La filière végétale, entre espoir et interrogations
Le 14 février dernier, le 78e congrès de la Fédération nationale des producteurs de fruits (FNPF) a accueilli plusieurs acteurs de la filière, afin d’échanger autour de l’usage de l’intelligence artificielle en arboriculture.

L’avènement de l’intelligence artificielle (IA) au sein du secteur agricole est bien souvent présenté comme synonyme d’innovation et de durabilité. L’agriculture connectée, qui intègre des outils comme les drones, les capteurs connectés et les plateformes de gestion des données, est en plein essor. À tel point qu’en 2023, le marché mondial de l’agriculture de précision, largement soutenu par l’IA, a été estimé à 10,1 milliards de dollars, avec une croissance annuelle prévue de 13 % jusqu’en 2028*. En France, ce sujet est pourtant loin de faire l’unanimité. Raison pour laquelle la Fédération nationale des producteurs de fruits (FNPF) a dédié une partie de son congrès à la question suivante : l’IA constitue-t-elle une réelle opportunité pour la filière végétale ?
L'utilisation des données
Sur l’estrade, Romain Faroux, directeur des opérations de la Ferme Digitale, a vanté l’utilisation des capteurs météorologiques et des sondes tensiométriques. « Plus nous aurons de mesures et de données, plus nous pourrons simuler des conditions hydriques et météorologiques ; l’objectif étant d’enrichir les modèles et de ne plus cumuler autant de stations physiques sur le terrain. » S’emparer de l’IA comme d’un outil, sans en avoir peur, tel est le mantra du jeune entrepreneur et fils d’agriculteur. Un discours auquel adhère Anthony Oboussier, producteur de fruits à Alixan, dans la Drôme. « Les sondes connectées me permettent de gagner du temps, puisque je peux connaître la teneur en eau de mon sol directement sur une application et gérer plus précisément mes irrigations.

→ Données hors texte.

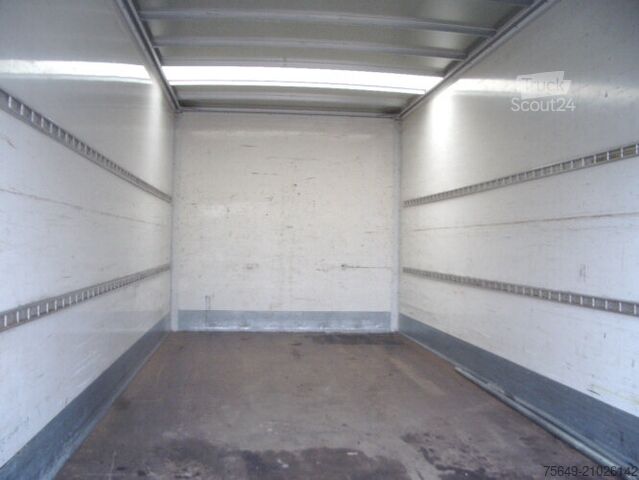 Vrachtwagen met bakwagen Mercedes-Benz Atego 815 4x2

Depuis 2018, je ne sais plus m’en passer, et comme nous sommes de plus en plus nombreux à les utiliser, le coût est devenu intéressant. » Si l’aide à la décision est un atout majeur, la question des données collectées et de leur propriété a occupé une grande partie du débat. « Il ne faudrait pas qu’elles atterrissent dans les mains de n’importe qui, ou qu’elles servent à des organismes de contrôle, qui desserviraient les producteurs », a mis en garde l’arboriculteur. Une nuance également apportée par Luc Barbier, secrétaire général de la FNPF. « L’IA bien utilisée par les producteurs afin de ramener de la valeur ne me pose aucun problème, mais elle n’est pas à envisager dans le cas où des distributeurs pourraient récupérer les informations avant même que le producteur ne démarre la récolte… Si son utilisation fait baisser les prix et perdre de la valeur à la production, cela ne sert à rien », a-t-il affirmé, avant d’alerter sur « le loup » des « start-up qui veulent fournir du matériel gratuitement, sans même accepter de signer un contrat de confidentialité ». Un point aura néanmoins fini par faire l’unanimité : le besoin de formation à ces nouveaux outils et une meilleure prise en charge financière par le biais de subventions, comme le plan national souveraineté fruits. À noter qu’en Auvergne-Rhône-Alpes, le plan filière fruits a déjà permis d’aider financièrement des producteurs à hauteur de 50 % de l’investissement réalisé. Du côté de la recherche, la nouvelle directrice du Centre technique interprofessionnel des fruits et légumes (CTIFL) Delphine Tailliez, a affirmé que les équipes avaient participé à plusieurs formations dédiées à l’IA et à ses enjeux.